THE INVISIBLES #4 (Vertigo)
From December 1994:
An omnibus edition of the complete series is being released in August, and so that’s probably when I’m going to begin reading the whole story. Ironically, when I scoured Heroes & Dragons for back issues, I came back with an issue I’d already read in the first volume, SAY YOU WANT A REVOLUTION. It’s fine, because Grant Morrison is Grant Morrison, and this way I get to read a little of what he was like in the letters column, and in 1994, I guess both he and his readers felt like being cheeky, because that’s what the letters in this issue are like, reactions from the start of the series.
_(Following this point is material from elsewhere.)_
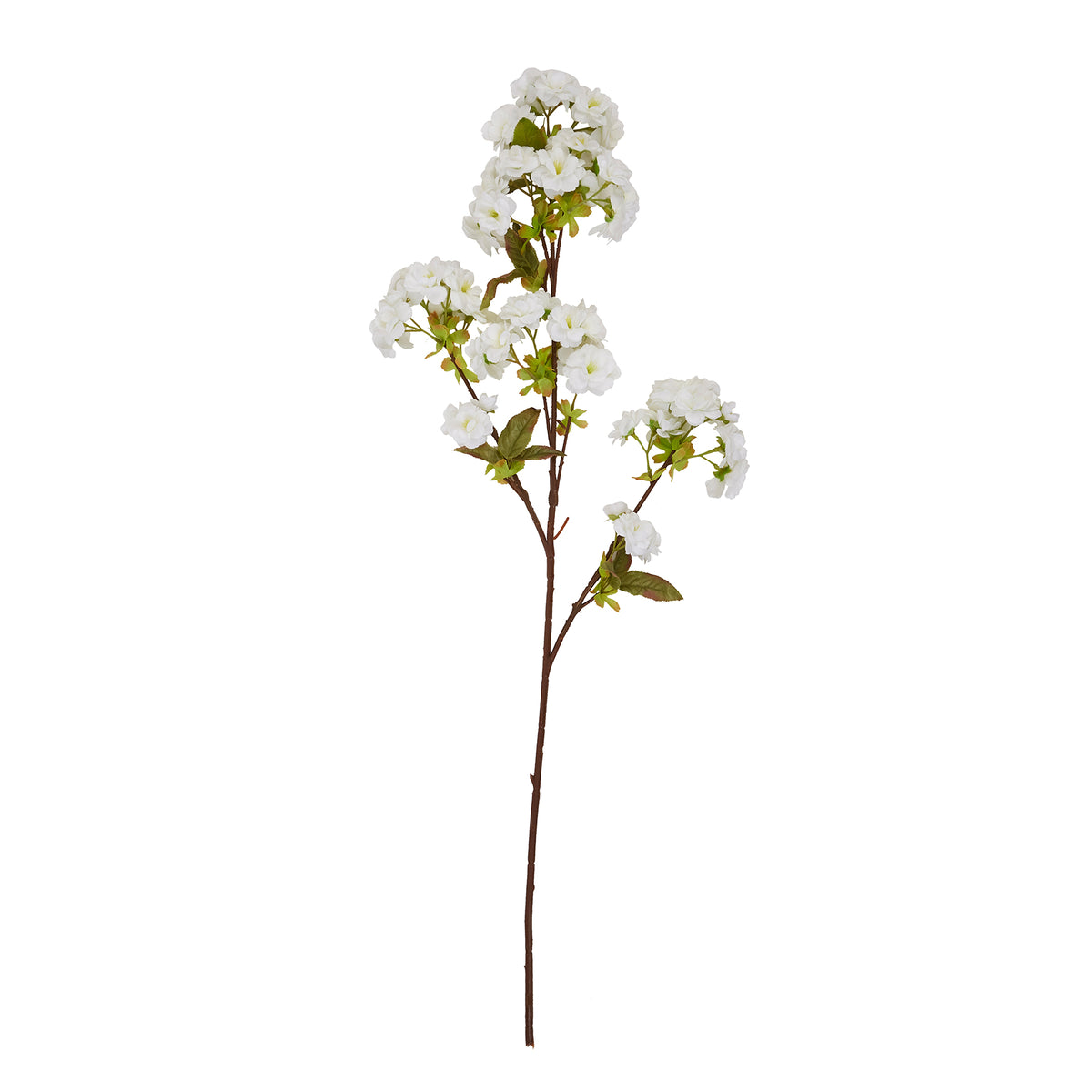 Tall White Blossom - White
I know at one point there was going to be a TV show, but that never happened, and reading about that was actually one of the first times I started taking Morrison’s legacy seriously. Reading comics can sometimes form a false sense of their overall worth. It’s only when you step back that you begin to appreciate them, and the several times I’ve been forced to do that has only heightened my appreciation of Morrison particularly, as can plainly be seen on this blog. THE INVISIBLES is just one of the books he did around this point in time that was as subversive as he could make it (which makes his mainstream work since all the more remarkable, the reverse Alan Moore). One has the sense that his writing will only become more lucid (as he periodically experiments with impressionist work like WE3 and JOE THE BARBARIAN), that he may very well channel his talents to stuff even his most skeptical critics will be able to appreciate. And for the rest of us, there’s stuff like this.

THE AVENGERS #s 70-71 (Marvel)
From October-November 2003:
These issues are also numbered 485 and 486, and they are written by Geoff Johns, some of the few comics he’s written outside of DC. And for me, one of them is fairly infamous. In #71, Hank Pym crawls up the chest of Janet Van Dyne, clearly wet, and the implication is obvious. Pym is Ant-Man/many-other-identities, has the ability to both grow and…shrink. (Van Dyne shrinks, too, and is better known as Wasp. They’re both founding Avengers, but are not, so far as the publicity has revealed, in the new movie.) Back in 2003, I read about this scene with disgust (yes, I was an Internet fanboy), and it colored my opinion of Geoff Johns as representative of the immature comics I kept reading about at that time. Johns broke into comics at about the same time I had to stop reading in, 1999, and so far as I knew, wasn’t a talent worth considering, and reading about this scene was the last straw. I was never going to care about this writer, this hack! Some ten years later, he’s one of my favorite writers. Actually reading his AVENGERS is one sign of this drastic transformation of opinion. To my mind, this is the way the team should be written, not as a glorified vanity project (sorry, fans of Brian Michael Bendis), full of interest in the actual characters. It’s not possible to write them like this all the time because, well, Marvel cares more about telling stories than writing about their characters, which is exactly the opposite of the DC instinct, which is why Johns writes at one company today and not the other. The first issue is the conclusion of “Red Zone,” which features Red Skull’s attempted hostile takeover of America following an elaborate ruse that put him in the president’s cabinet. Johns makes more sense of Black Panther in this one issue than I’ve been able to gleam from any other appearance or series. We’ll also note that the next issue, with its heavy spotlight on the incredible shrinking Avengers, would be impossible to publish today, unless in the pages of the little-respected Young Avengers tale of THE CHILDREN’S CRUSADE. But then, how could it be any other way?